## Exercise directions:
In the entries below, repeat only the lines between those holding "Show Your Mother" and "1848-1867 (German Edition), Wilhelm", inclusive. Leave pictures out.

───── Listed records

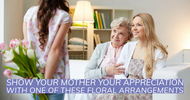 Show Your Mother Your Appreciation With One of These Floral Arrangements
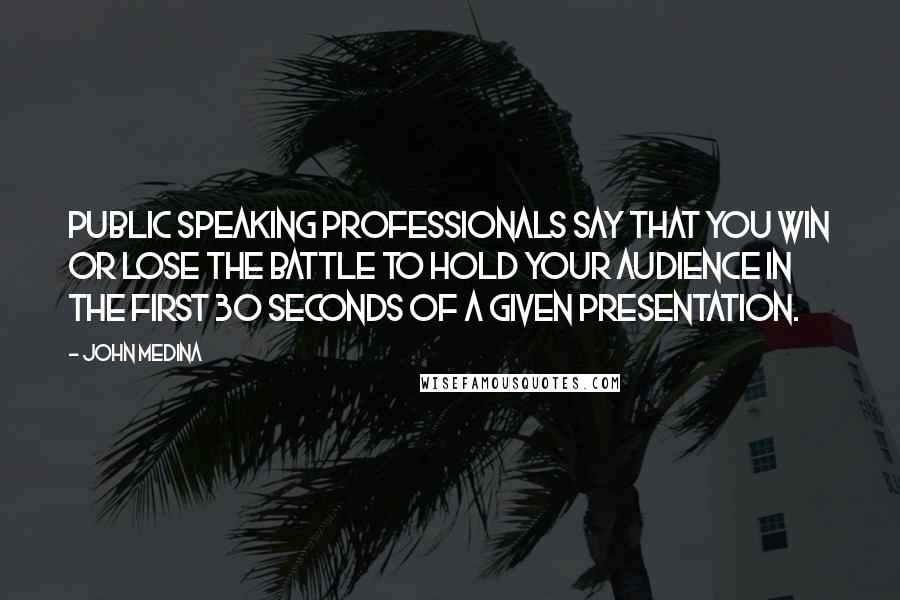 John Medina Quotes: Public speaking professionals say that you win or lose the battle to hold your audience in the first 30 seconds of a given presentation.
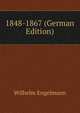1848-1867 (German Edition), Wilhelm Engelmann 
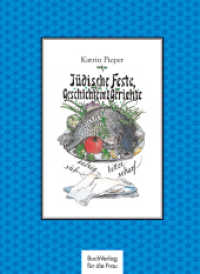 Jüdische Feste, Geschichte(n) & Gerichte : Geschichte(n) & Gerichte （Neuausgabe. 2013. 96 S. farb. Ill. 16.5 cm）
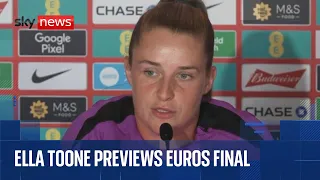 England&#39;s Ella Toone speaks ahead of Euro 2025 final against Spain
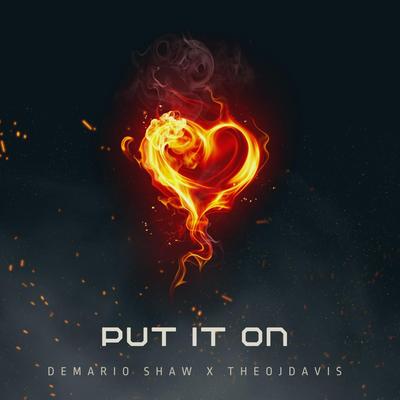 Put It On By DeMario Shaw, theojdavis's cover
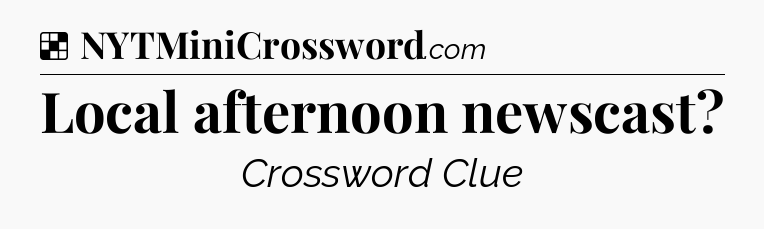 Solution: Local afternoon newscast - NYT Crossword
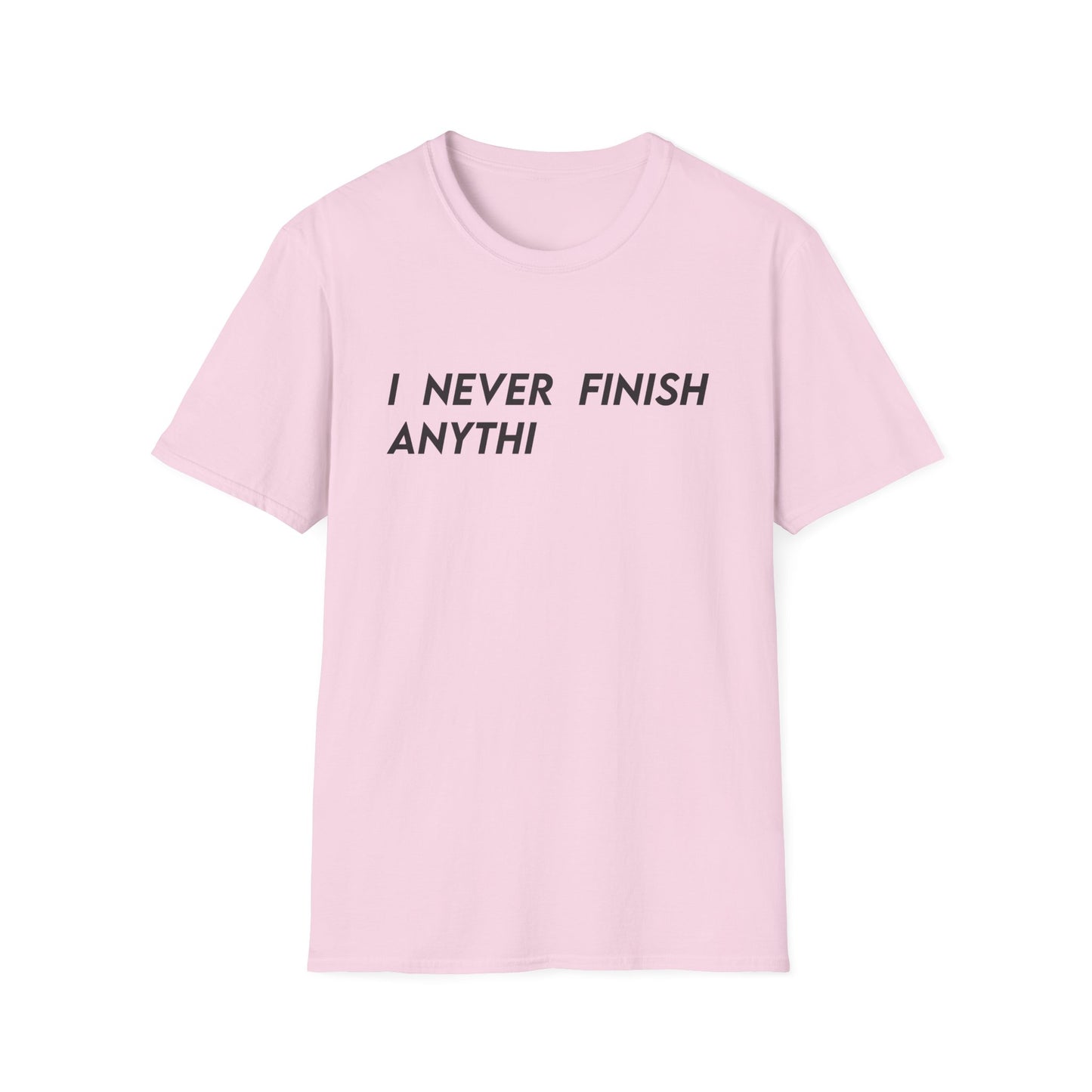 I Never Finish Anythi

──────────
───── Listed records

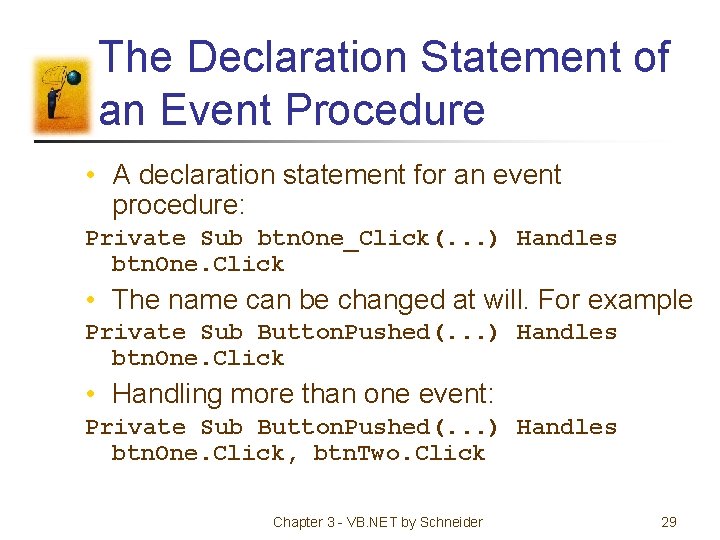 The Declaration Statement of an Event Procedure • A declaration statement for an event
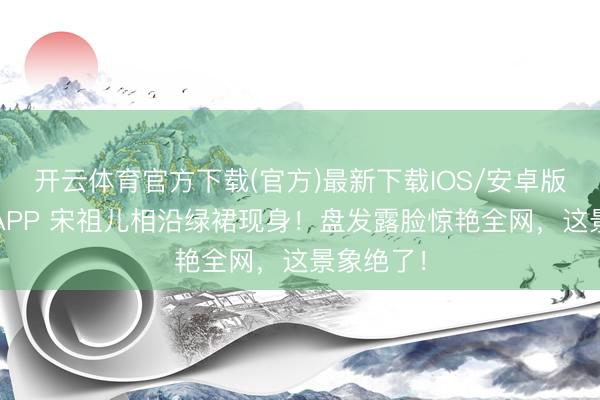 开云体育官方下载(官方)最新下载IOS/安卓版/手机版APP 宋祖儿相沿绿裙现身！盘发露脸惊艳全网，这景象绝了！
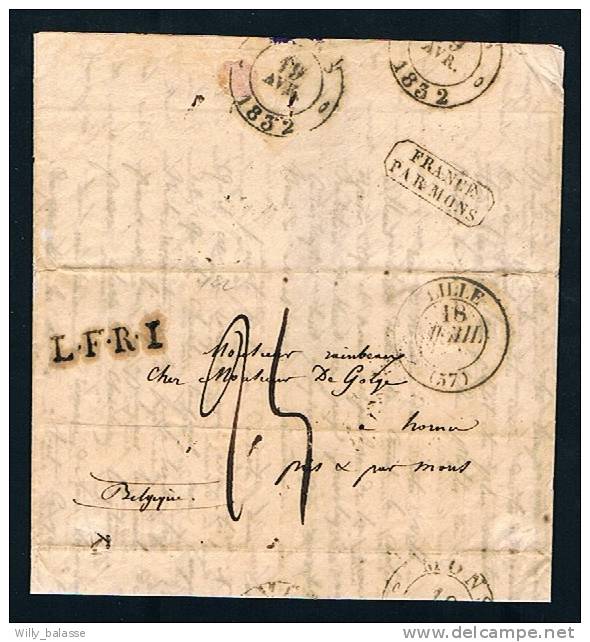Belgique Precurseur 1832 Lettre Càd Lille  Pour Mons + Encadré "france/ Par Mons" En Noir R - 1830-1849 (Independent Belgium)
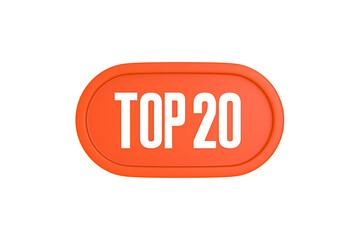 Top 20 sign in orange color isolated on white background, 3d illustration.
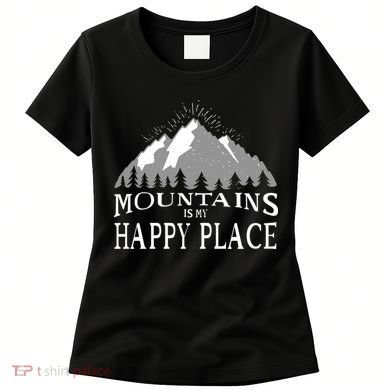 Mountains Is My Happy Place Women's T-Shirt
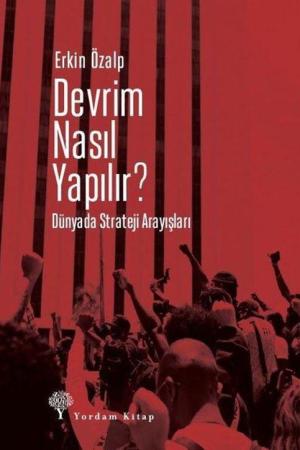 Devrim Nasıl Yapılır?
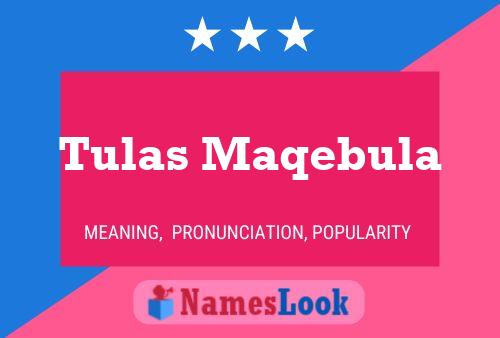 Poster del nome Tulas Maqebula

──────────
───── Listed records

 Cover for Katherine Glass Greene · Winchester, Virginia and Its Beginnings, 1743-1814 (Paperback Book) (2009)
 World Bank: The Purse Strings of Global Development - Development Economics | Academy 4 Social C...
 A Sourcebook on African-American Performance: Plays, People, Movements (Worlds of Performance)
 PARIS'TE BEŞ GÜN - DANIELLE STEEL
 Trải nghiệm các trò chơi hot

──────────

## Written solution:
 Show Your Mother Your Appreciation With One of These Floral Arrangements
 John Medina Quotes: Public speaking professionals say that you win or lose the battle to hold your audience in the first 30 seconds of a given presentation.
1848-1867 (German Edition), Wilhelm Engelmann 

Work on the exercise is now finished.